Today it’s back to Dayton in March of 1967. By then, I’d worked at Pflaum Publishing for nearly two months. As each day passed, I discovered anew how to engage in the give-and-take of conversation.
Sister Mary Dennis—the Benedictine nun who’d recommended me for an editing position after I’d left the convent—was working on her doctorate at Catholic University in Washington, D. C. She now invited me to visit her.
I have no memory of whether the details of travel seemed daunting. Nor do I remember whether, upon my arrival at the Washington airport, I worried about how to get to her residence hall at Catholic University. Did she meet me at the airport?
All I remember of sightseeing is that on Saturday we visited Georgetown and ate in the paved back garden of a restaurant that featured sculptures. What else did we see? Did I tour the campus? That’s all been lost to me.
The Old Stone House, built in 1765,
is one of the oldest buildings in Washington, D. C.
What I do remember is that on Sunday morning I met several of her nun friends who were studying for graduate degrees.
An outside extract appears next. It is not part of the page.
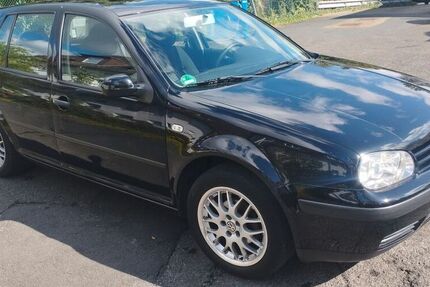 VW Golf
They were in their late twenties and early thirties—eager to learn, excited about the Second Vatican Council that had convened in Rome in October 1962 and concluded in December 1965.
Wikipedia describes the outcomes of the council as follows:
Several institutional changes resulted from the council, such as the renewal of consecrated life with a revised charism, and ecumenical effort towards dialogue with other religions, . . . and the expressive participation of laity in various religious activities.
A painting by Armand Gautier of three nuns
in the portal of a church.
As a result of Vatican II, many religious orders in the late 1960s
put aside their traditional “habits” and began to wear contemporary clothing. When the story behind today’s posting takes place, the nuns are still wearing habits.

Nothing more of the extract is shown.